Niets boven de liefde. Zo zal John Grant vast gedacht hebben toen hij een titel zocht voor zijn nieuwste album. Op Love Is Magic, de opvolger van het net drie jaar geleden verschenen Grey Tickles, Black Pressure stoeit de in Michigan geboren zanger volop met dance en elektronica. Niet direct wat je van hem zou verwachten. Net daarom komt dit album als een verrassing over.
Deels toch, daar Grant natuurlijk eerder al wel een zeker vrijage met elektronica had. Wie albums als Pale Green Ghosts (2012) er bij haalt, ontdekt zo dat die interesse niet helemaal nieuw is. Wél nieuw is dat Grant op zijn vierde album nauw samenwerkt met Ben Edwards. Minstens zo belangrijk in het groepsgeluid is de bas van Paul Alexander (Midlake). Maar hét uithangbord van John Grant blijft natuurlijk die énorm overweldigende présence en die stem van hem die meer dan ooit schittert.
Als vanouds speelt de barokke popmuzikant met thema’s als gezondheid, verslaving, liefde en relaties. Waarbij de spil de heilige liefde is die alles overwint. Liefde is magie, zo wil hij duidelijk stellen. Een mysterie dat nog steeds onverklaarbaar blijkt. Als vanouds is er die langdurige zoektocht geweest naar de juiste sound en de juiste woorden. Elke keer weer een hele klus. Maar het dient gezegd: het loonde absoluut de moeite.
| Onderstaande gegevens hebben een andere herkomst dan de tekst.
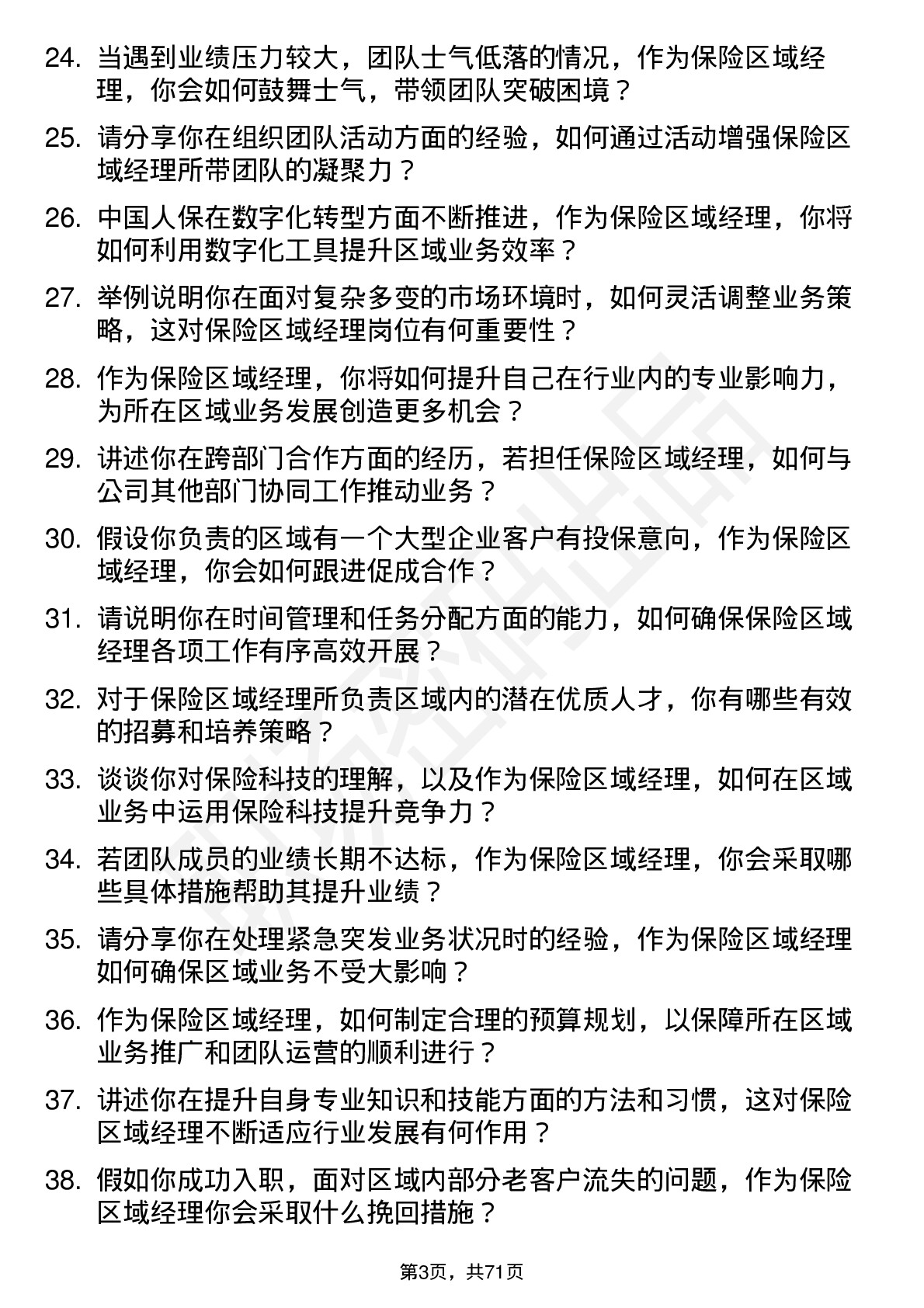 48道中国人保保险区域经理岗位面试题库及参考回答含考察点分析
Op het samen met Alexander gecoproduceerde Love Is Magic opent hij met het maar liefst zes minuten durende “Metamorphosis“, een hard dreunende, wat naar Bowie neigende discopoptrack die meteen al verwijst naar het idee van metamorfose, naar het concept van magische transformatie. Het ene wordt het andere, zonder dat je je er echt bewust van bent. En ten dele geldt dat ook voor de muziek op het album. Ook die verandert per luisterbeurt. Magie dus.
Zo merk je een zeer prominente drang naar synthpop die je eerder in de eighties zou situeren. Maar dan met een net iets modernere invalshoek. Dat is deels te wijten aan de inbreng van zijn medemuzikanten, maar zijn eigen inbreng is natuurlijk evenmin te versmaden. De invloed van het heengaan van Bowie, is duidelijk merkbaar, maar Grant gaat verschillende richtingen op. Soms zelfs in een dezelfde song, zoals “Metamorphosis”al duidelijk maakte, nog vaker in het album als geheel.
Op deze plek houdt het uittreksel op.